** Data shown follows **
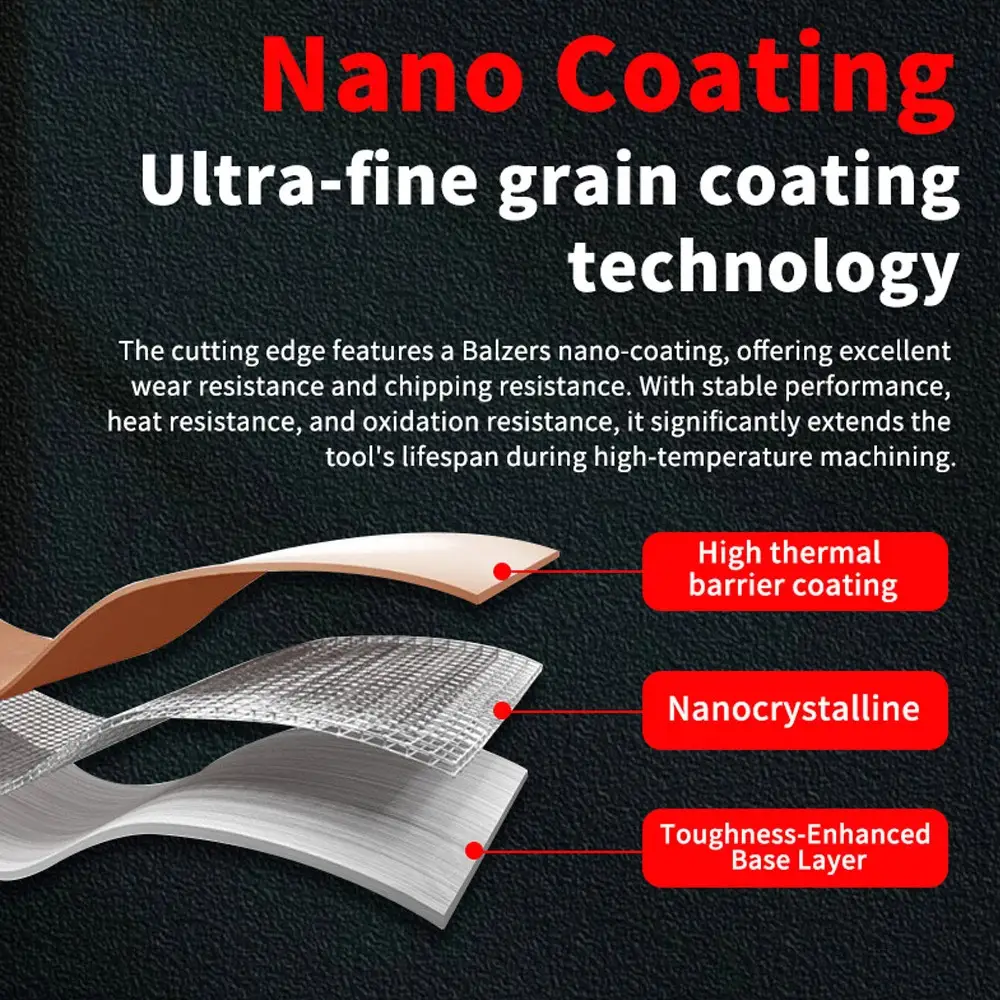 Nano Coating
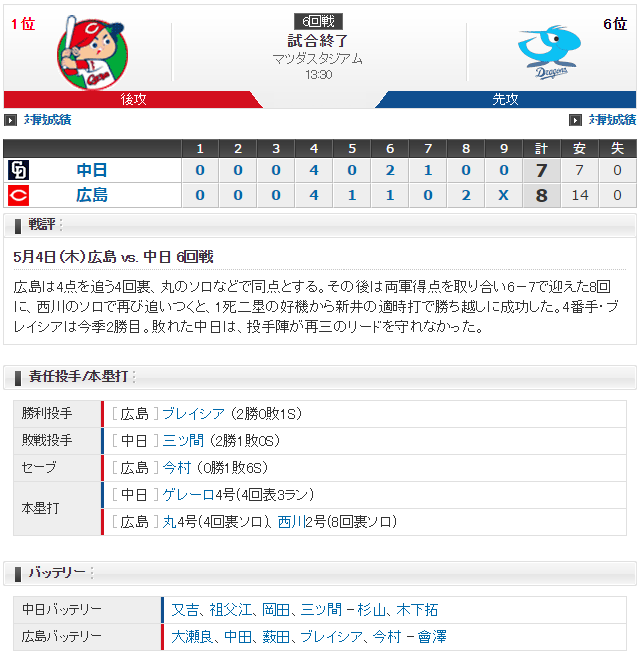 広島中日_西川龍馬新井貴浩ヒロイン_スコア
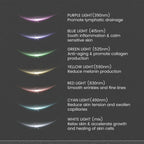 Amoura AquaLift 7-in-1 Facial Sculpting Brush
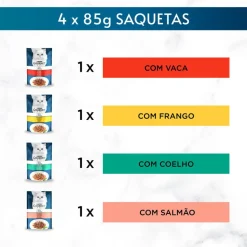 Comida Húmida para Gato Gold Mousse com Frango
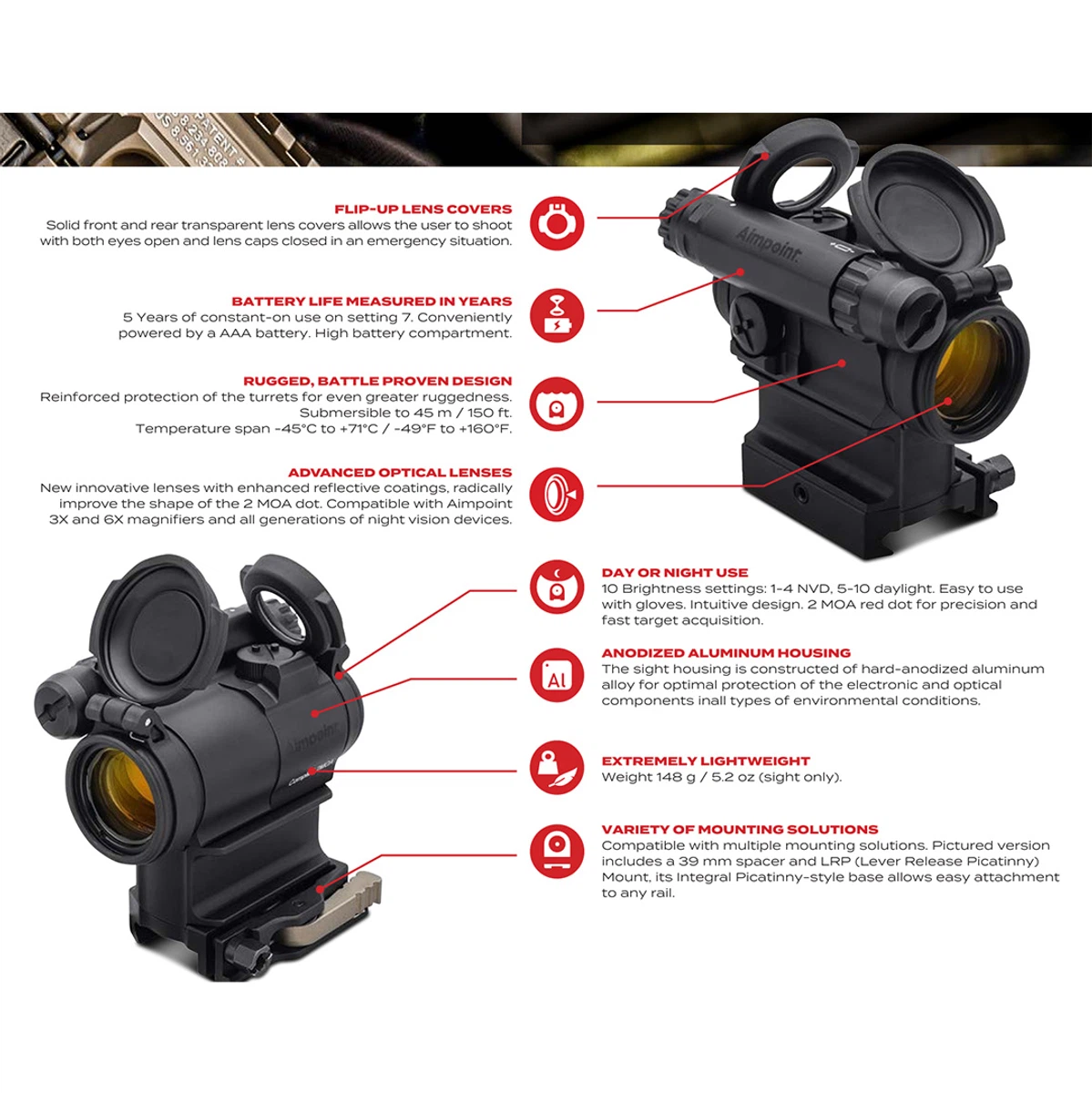 Aimpoint® Comp™ M5 w/ 39 mm Spacer & LRP (2 MOA)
** End of Data shown **
Every record must be copied exactly, with the pictures left out.

 Nano Coating
 広島中日_西川龍馬新井貴浩ヒロイン_スコア
 Amoura AquaLift 7-in-1 Facial Sculpting Brush
 Comida Húmida para Gato Gold Mousse com Frango
 Aimpoint® Comp™ M5 w/ 39 mm Spacer & LRP (2 MOA)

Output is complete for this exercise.